■ PROBLEM STATEMENT
Print, please, exactly the lines from the one with "Used 2016 GMC" through the final line of the data below, with both ends included and the pictures left out.

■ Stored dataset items
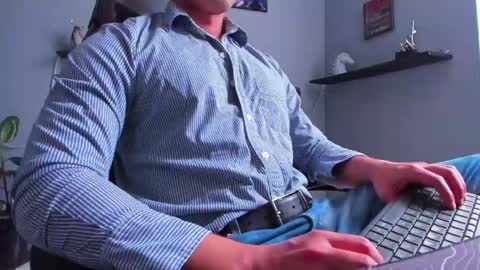 Snapshot of stefann_salvatore chatting on 04/23/26, 10:01 Stefann Salvatore online show from 04/23/26, 10:01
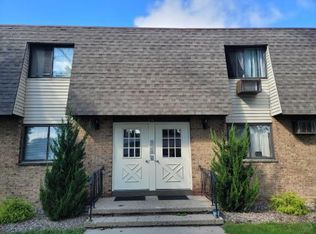 20 Versailles Rd APT 5, Rochester, NY 14621
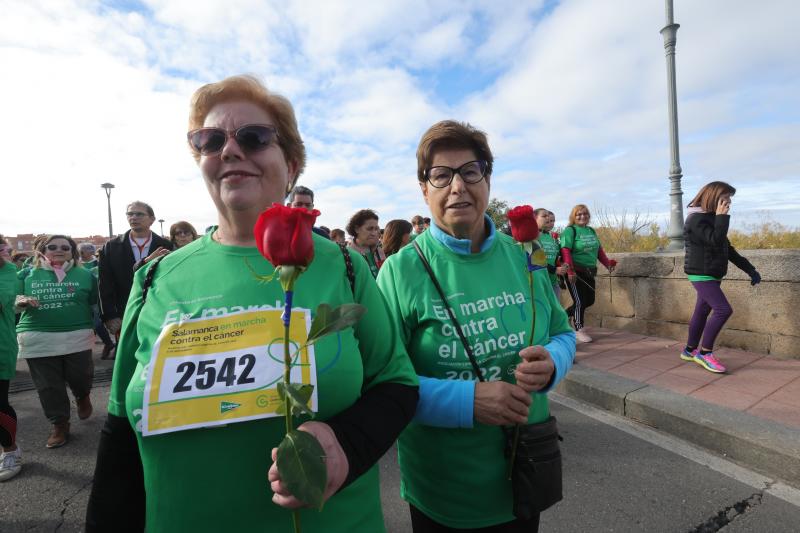 MIles de personas cruzan el puente de Enrique Esteban. 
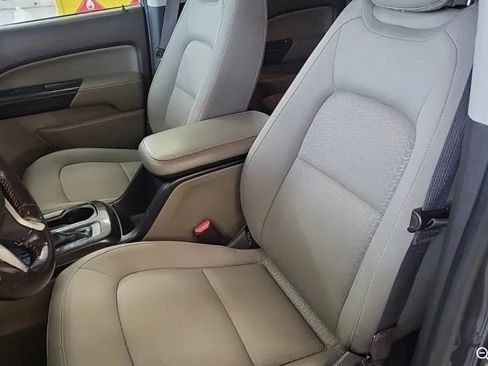 Used 2016 GMC Canyon SLE w/ SLE Convenience Package image 2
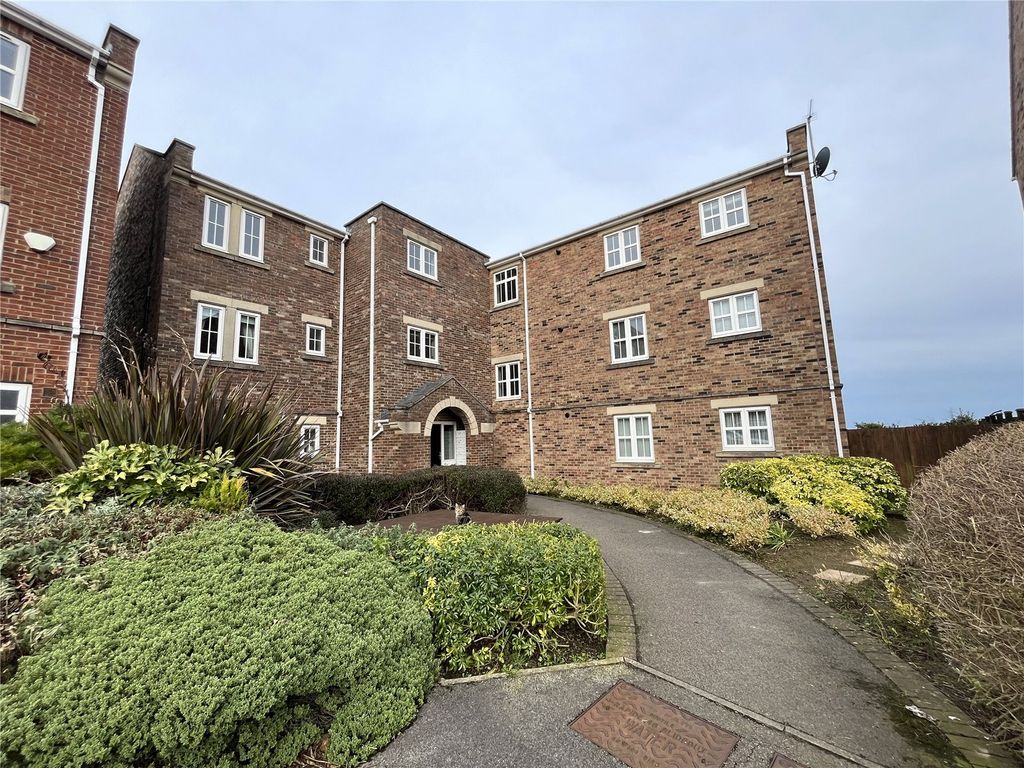 2 bed flat for sale in Beamish Rise, Stanley, County Durham DH9, £115,000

■ ANSWER BOX
 Used 2016 GMC Canyon SLE w/ SLE Convenience Package image 2
 2 bed flat for sale in Beamish Rise, Stanley, County Durham DH9, £115,000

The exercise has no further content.